The hard choice ahead - continuing on a self-defeating trajectory, or abandoning it - News24

4 January 2019 - For now, the new year has dawned. Whether prudence and reality will follow, only the months ahead will reveal.

Terence Corrigan

The turn of the year invites imagery of the dawning of a new day – the start of something fresh, promising revitalisation and boundless possibilities. In a society desperate for glimpses of hope, this is all the more so.

This is familiar territory for South Africa. Last year, the accession of Cyril Ramaphosa to the presidency was hailed as a "new dawn" for the country. And in his New Year's message, he alluded to this. The coming year, he said, would build on the work done in 2018 to achieve the economic dynamism that would ensure a sunlit future for the country.

But he warned that this would not be easy.

"In 2019," he said, "we will be called upon to work with greater focus and determination to confront our problems and create new opportunities for all South Africans. We will need a huge national effort to build on the progress made this year in restoring our country to a path of growth and progress. We will need to take extraordinary measures and work together to take some difficult decisions given the challenges that lie ahead."

The scale of the challenges confronting South Africa is vast. If the country is to have any hope in turning this around, it will need to recast itself as a country that can support growth and sustain prosperity. Above all, it will have to become an attractive place for businesspeople and entrepreneurs to sink their money. This issue has hung over South Africa for decades.

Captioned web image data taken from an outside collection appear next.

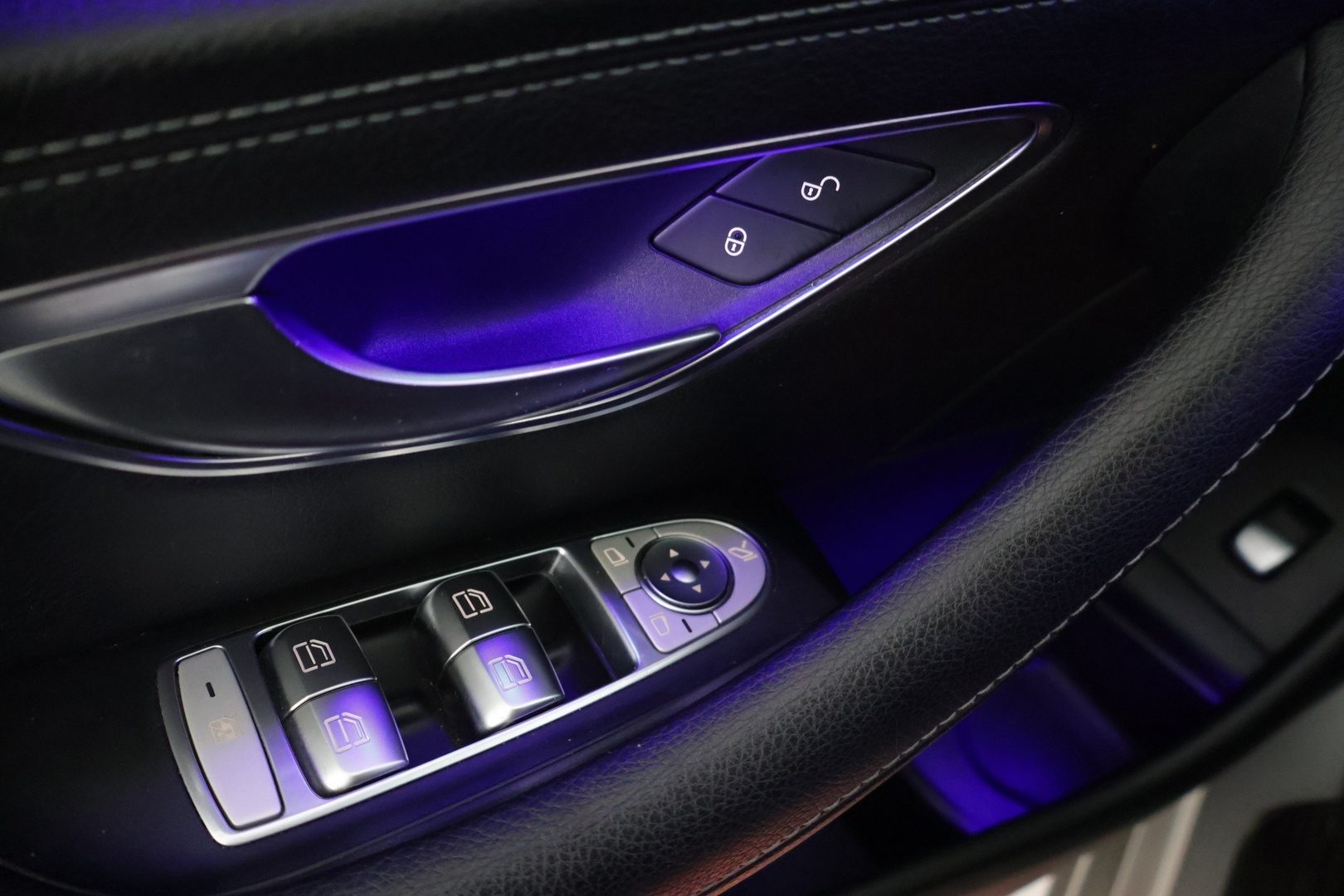 MERCEDES-BENZ E 2018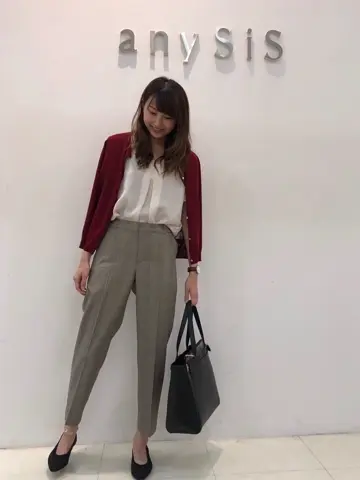 ANY SIS スタッフ コーディネート画像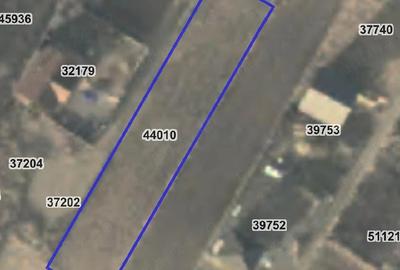 Teren de 1500 mp, în Exterior Vest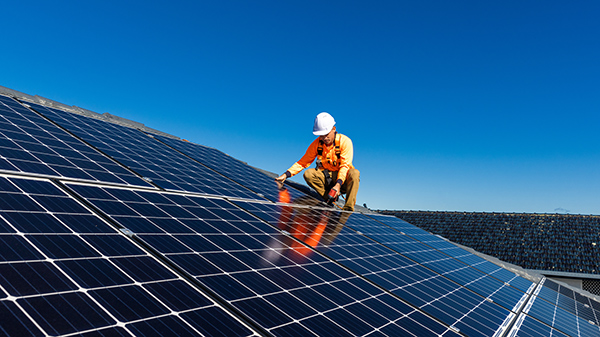 energia fotovoltaica-autoconsumo-operario instalando paneles solares en tejado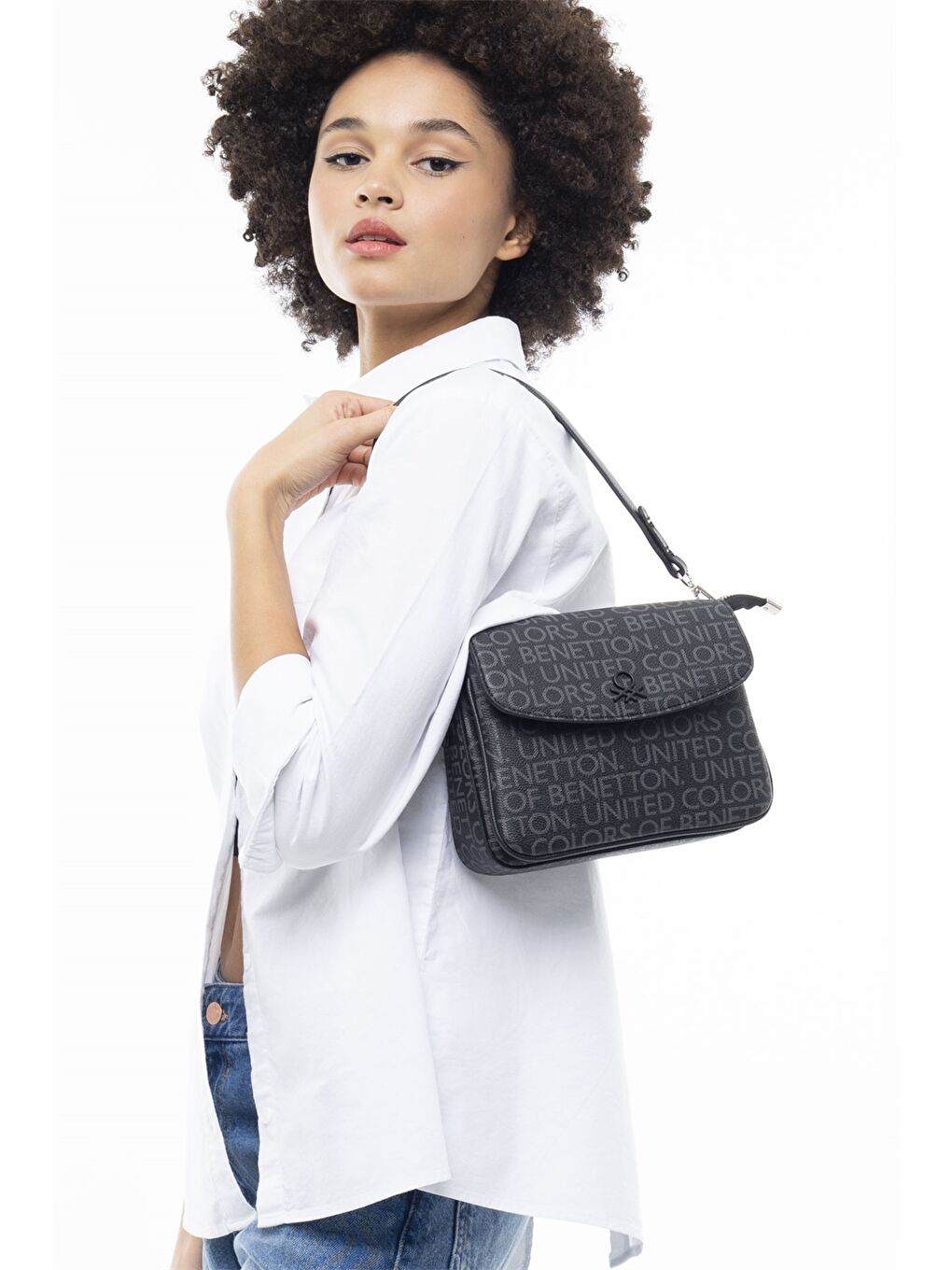 Siyah Deri Görünümlü Kadın Çanta-1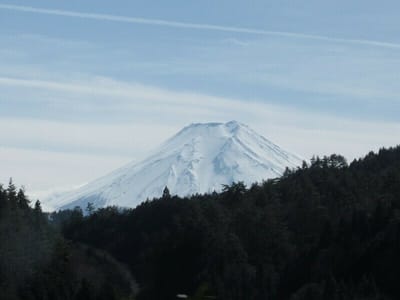 真っ白な富士山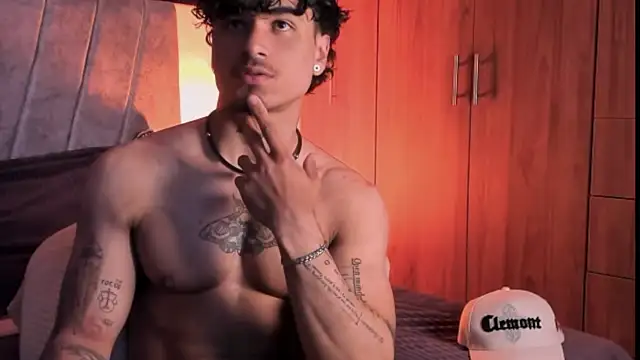 Thomas Fit1 online show from September 21, 11:39 pm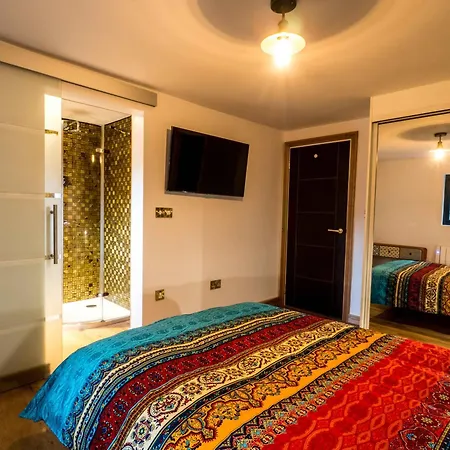 Дом отдыха Chy Glynn. Luxury With Hot Tub And Views. Сент-Агнес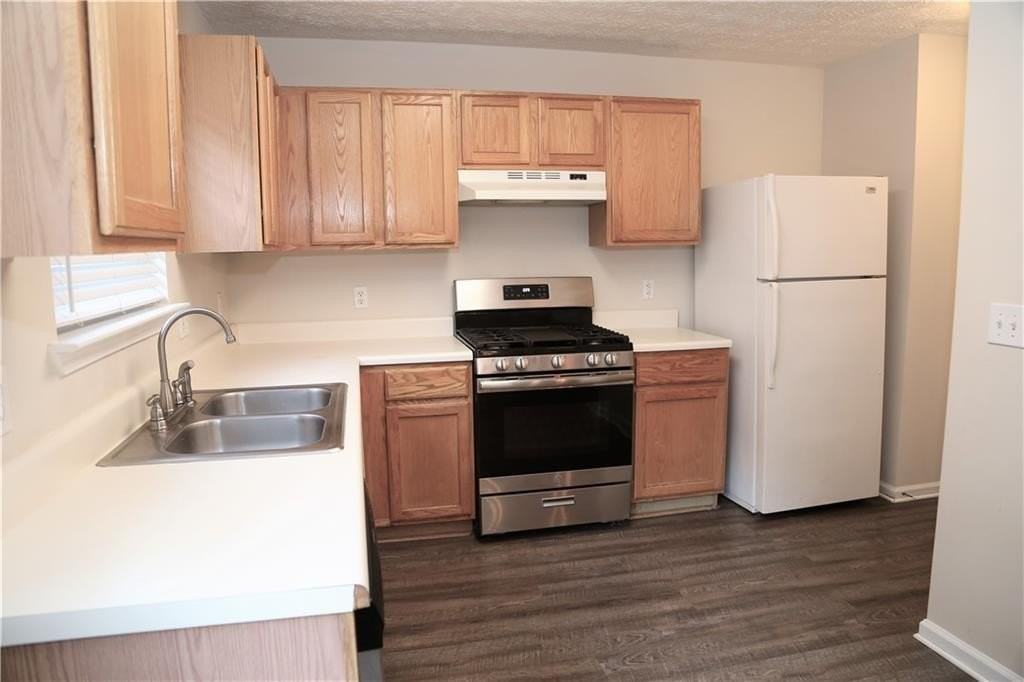 514 Carrington Ct - Photo 3 of 15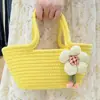 Bolsa Saco de Palha Feminina Primavera/Verão 2024 Nova Cor Sólida Estilo Fresco Bolsa de Mão para Férias Bolsa de Mão Bolsa Feminina Flor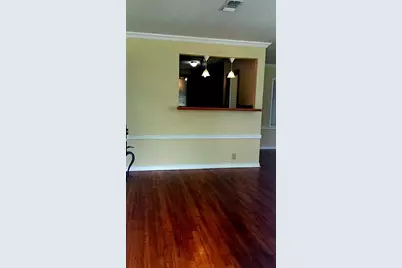 19 Lyncrest Drive, Galveston, TX 77550 - Photo 4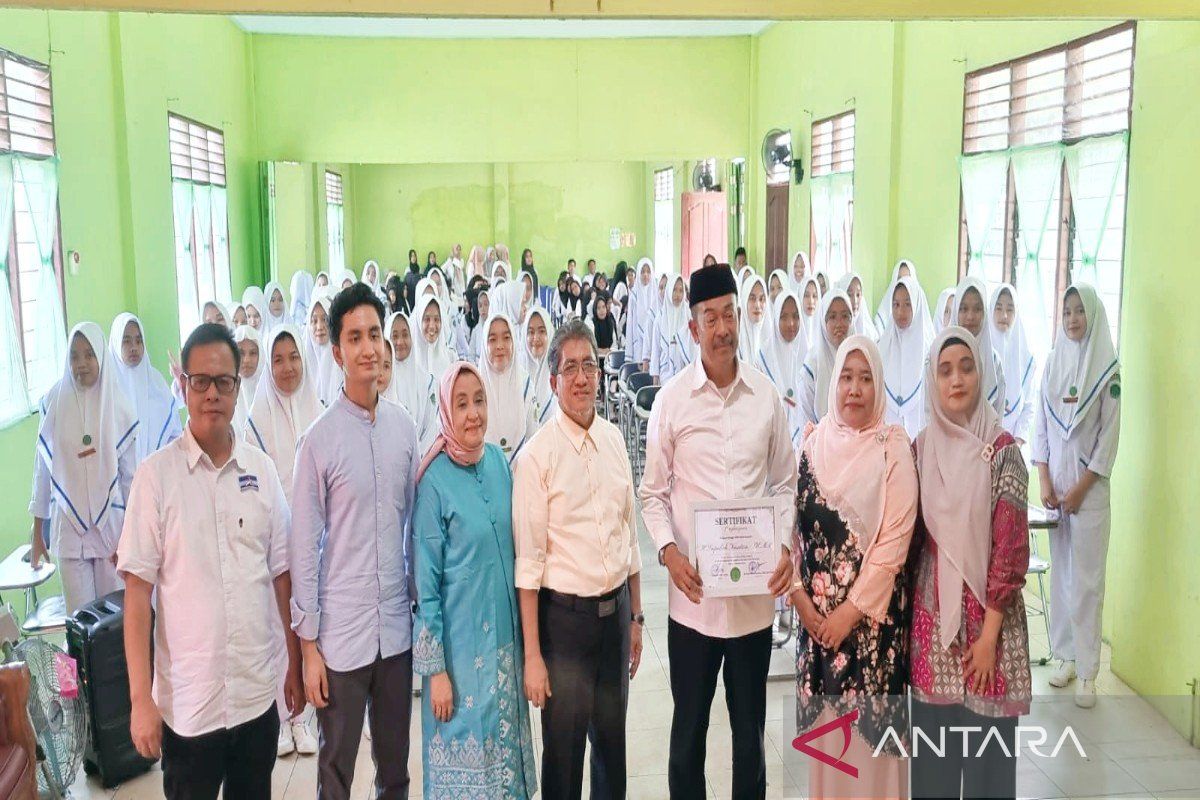 Saipullah jadi pemateri kuliah tamu di Akbid Armina Centre Panyabungan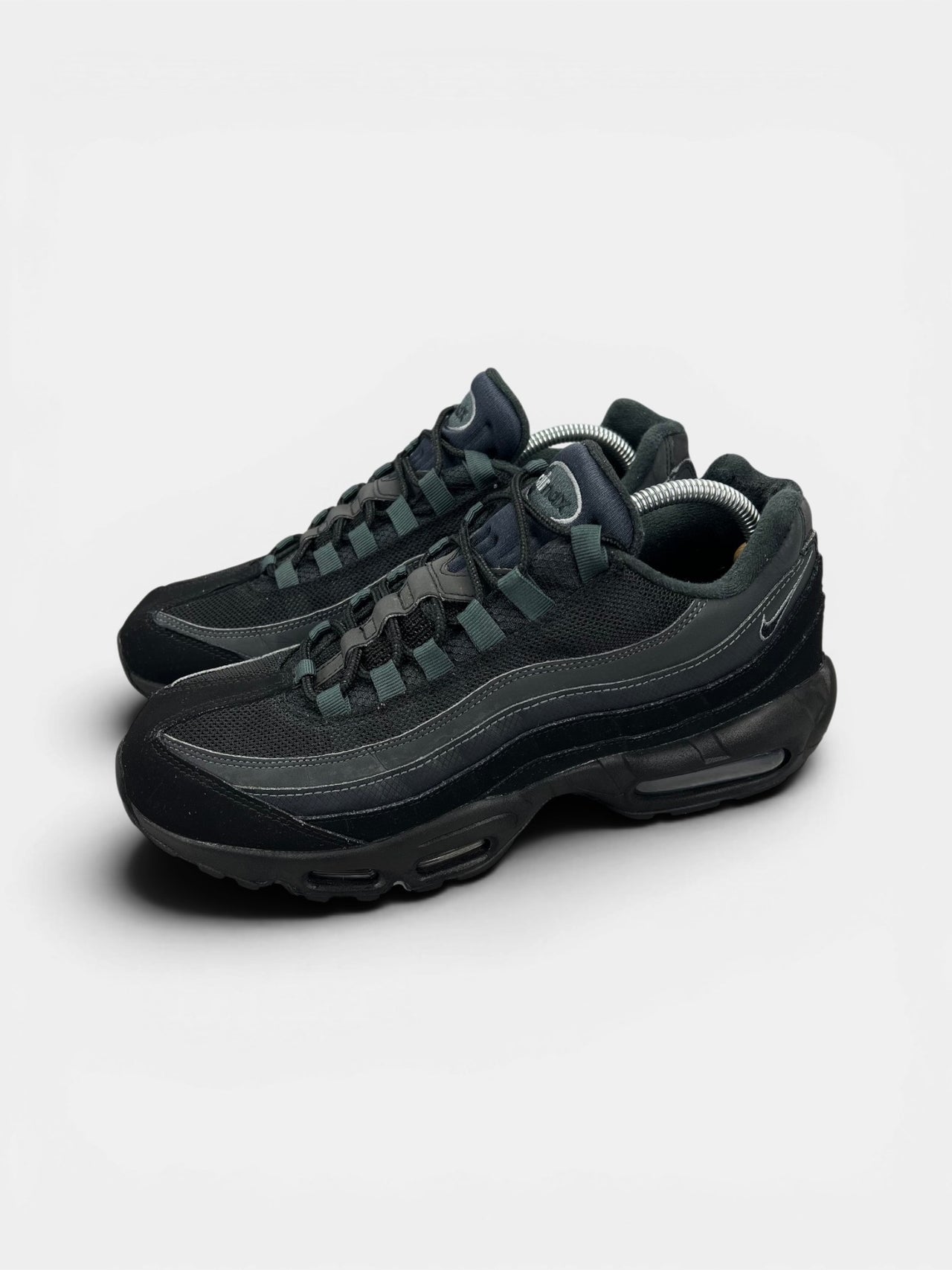 Nike Air Max 95 Black Anthracite — buty sportowe męskie w bardzo dobrym stanie rozmiar 43, widok z boku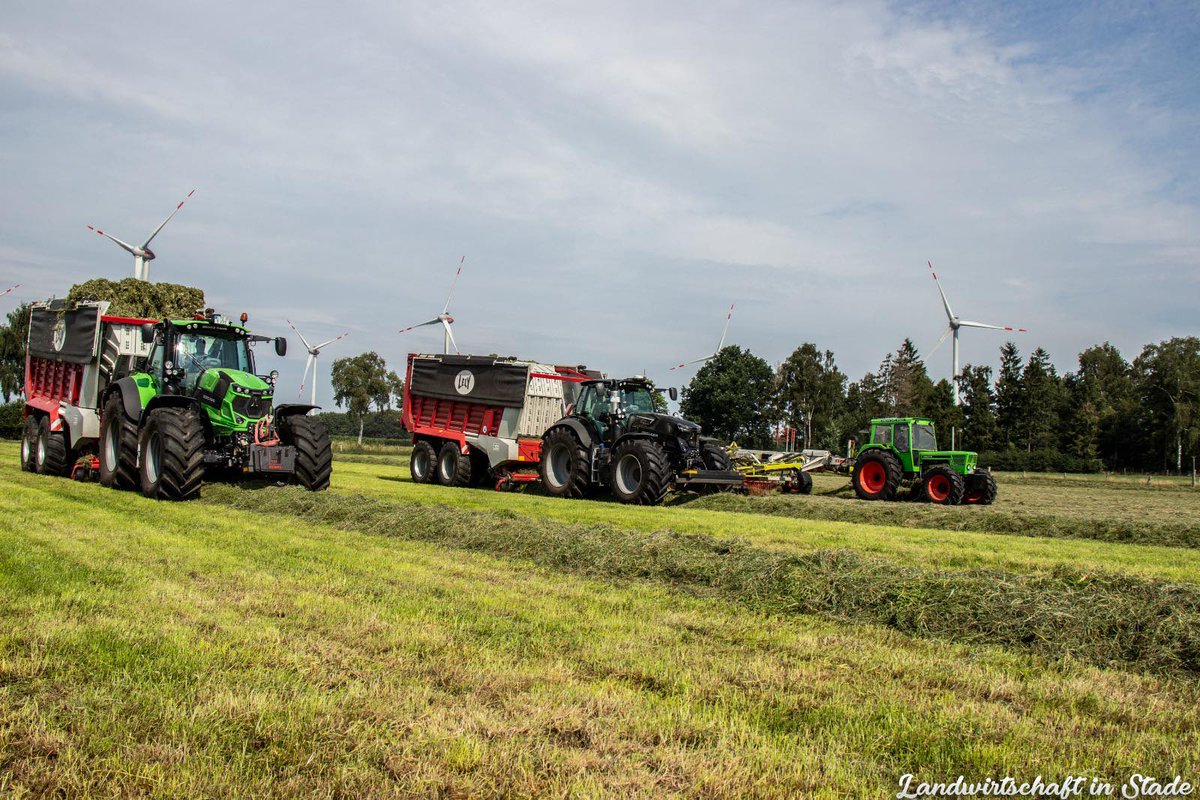 profiMagazin's tweet photo. Zu sehen sind zwei #DeutzFahr 7250 TTV mit jeweils einem #Lelly Tigo 65 und ein Deutz D13006 mit #Claas Liner 3500 vom Lohnunternehmen Gebr. Fick GmbH. https://t.co/zn4dMT2JXc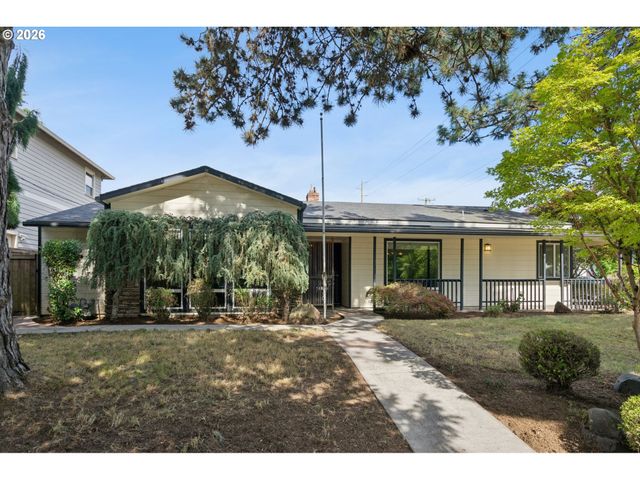 3407 Se STEELE St, Portland, OR 97202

Yet the past year has provided meagre grounds for optimism. Missing from the president's reflections was any mention of what has been the dominant story in 2018 – the push, supported by the ruling party and the president himself, to introduce a policy of land expropriation without compensation (EWC). It consumed a great deal of political capital. Indeed, the year closed with Parliament having approved (following a deeply compromised consultation process) an undefined amendment to the Constitution to enhance the State's right to do so, and with the publication of a new expropriation bill to write these powers into law.

This stands in contradiction to government plans to encourage investment. Yes, there may be "interest" on the part of investors – and no small amount of goodwill, as we at the Institute of Race Relations (IRR) can attest – but few things will dissuade them from doing so as forcefully as a threat to their property rights.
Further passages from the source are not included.